On January 8, 2021, following oral argument, the court entered an order denying defendant's Rule 4:50-1 motion. In an accompanying written opinion, the court rejected each of defendant's arguments ad seriatum. First, regarding inadequate service, the court stated:
Plaintiff overwhelmingly refutes[d] efendant's assertion of inadequate service. Plaintiff demonstrates that they published the notice of In Rem Foreclosure pursuant to Rule 4:64-7(b) and served such notice upon [d]efendant per Rule 4:64-7(c) on September 1, 2020[,] by way of first class and certified mail, return receipt requested at its registered agent/tax bill/deed address, 1301 Corlies Ave., Ste. 6E, Neptune, New Jersey 07753, the very address that appears on [d]efendant's
signature line on the correspondence from [d]efendant to the Ewing Township tax collector in September 2020, shortly after [d]efendant received service. Additionally, [d]efendant signed the return receipt for such service two times and [d]efendant signed the return receipt for service sent to the other address on its registered agent report, 27 Marbourne Dr., Mamaroneck, NY 10543. Plaintiff also observes that the certified mail sent to the [p]roperty was returned to [p]laintiff marked "vacant," buttressing its argument (and the [c]ourt's finding) that the property was abandoned.

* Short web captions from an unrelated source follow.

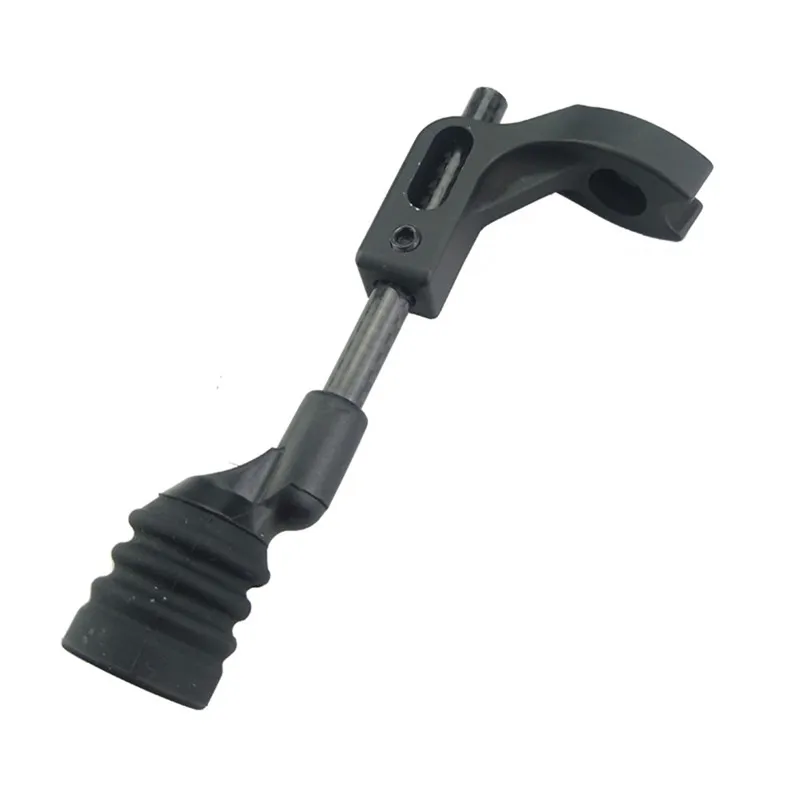 Archery Compound Bow String Stop Bracket Vibration Arrow Stabilizer Level Combo Shock Absorber Mount | Спорт и развлечения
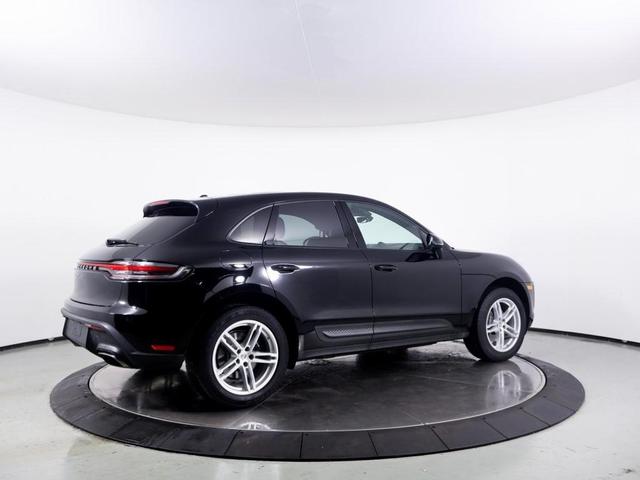 Photo of 2024 Black Porsche Macan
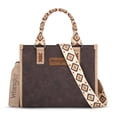 thumbnail image 3 of Bolso de mano Montana West Wrangler Aztec con correa para guitarra, 3 of 7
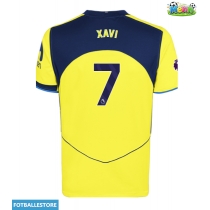Tottenham Hotspur Xavi Simons #7 Tredjedrakt 2025-26 Kortermet
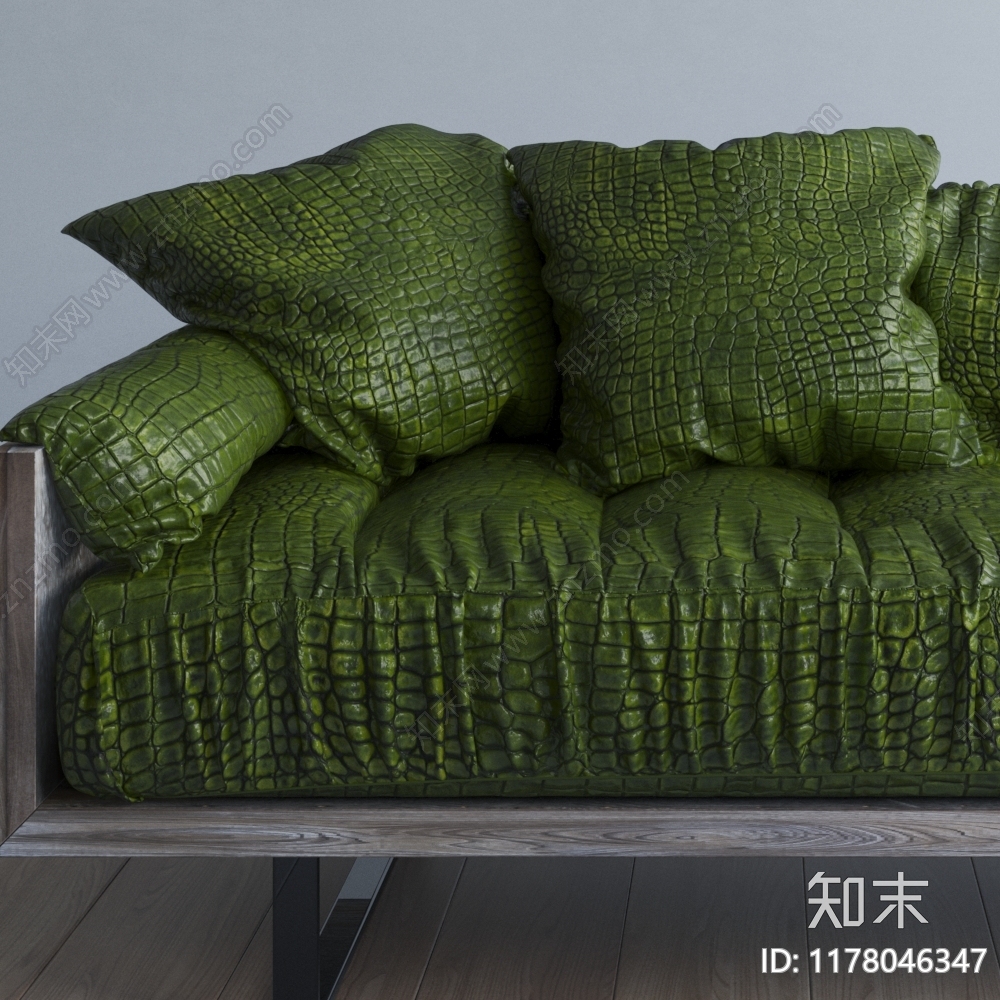 皮革一鳄鱼皮贴图下载【ID:1178046347】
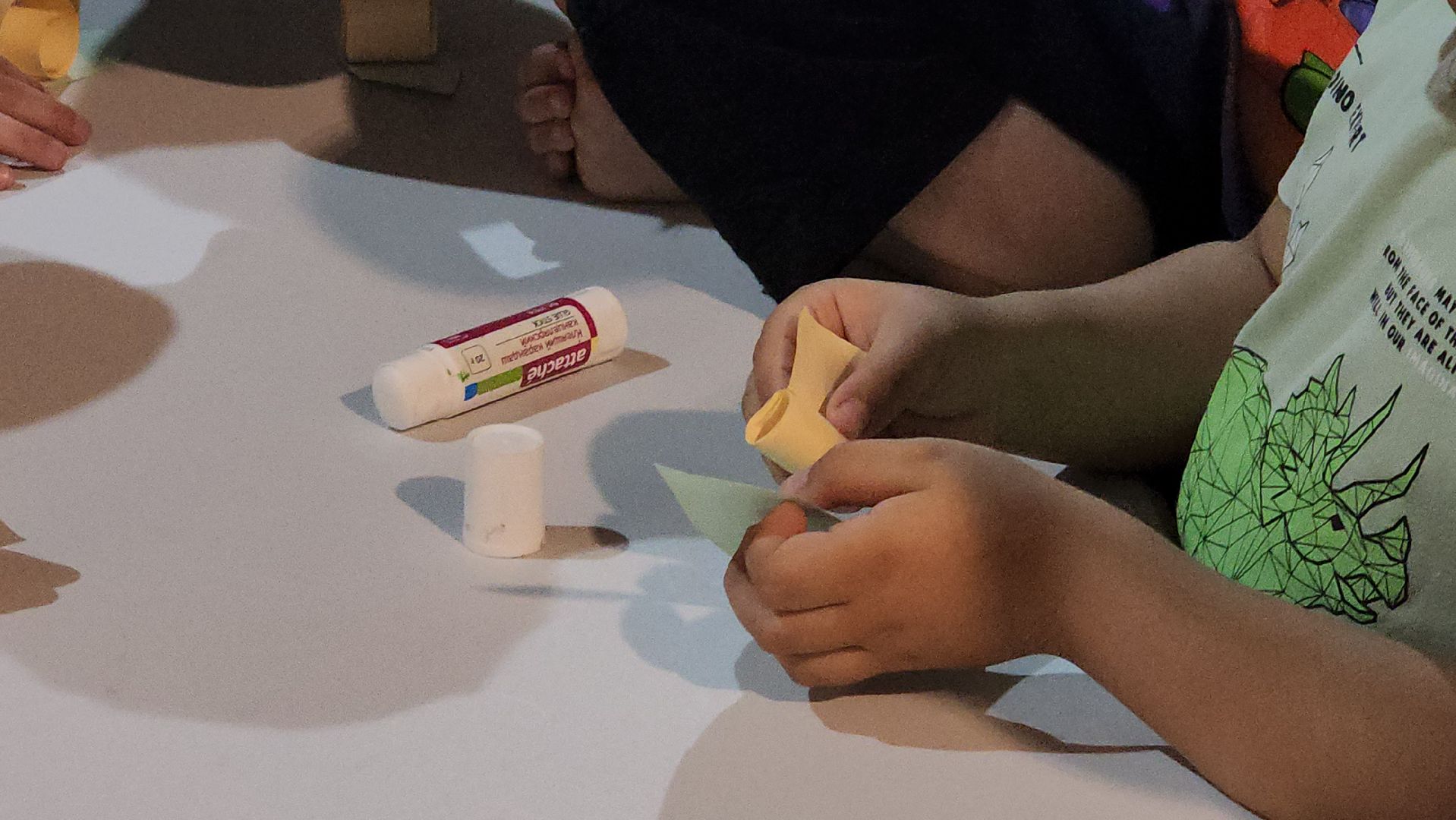 истра, дети, мастер-класс, парк,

Next, rejecting defendant's defense that the property was not abandoned, the court stated:
Defendant maintains that its defense to the foreclosure action derives from the fact that the property is not truly abandoned. However, neither this application nor any other mounts [d]efendant's challenge to the order entered declaring the property abandoned, and nothing in Rule 4:50-1 enables it to serve as a vehicle for a collateral attack on a wholly separate order. Moreover, in support of its application, [p]laintiff submitted the certification of a qualified individual certifying that the property was abandoned; in this application, an unqualified representative of [d]efendant attacks that conclusion but does not dispute that the property was unoccupied for a period of six months or more and that property taxes remained unpaid. Nothing in N.J.S.A. 55:19-81 requires the inspector to check with the municipality's building department to evaluate whether any permits were approved and pending on the date of inspection.
The court concluded:
Plaintiff has demonstrated by far more than a preponderance of the evidence that it[ ha]s effectuated service upon [d]efendant and [d]efendant had every opportunity to seek reconsideration of the order declaring the property as abandoned or to seek leave to appeal that interlocutory order. Defendant took no such steps. Nothing in [d]efendant's submission asserts mistake, inadvertence, surprise, or excusable neglect and none is apparent to the [c]ourt on this record. Finally, as [p]laintiff points out,[d] efendant does not assert or even suggest that it is prepared to make [p]laintiff whole for the fees and costs incurred on this property or to actually fulfill its obligation to pay property taxes to the Township.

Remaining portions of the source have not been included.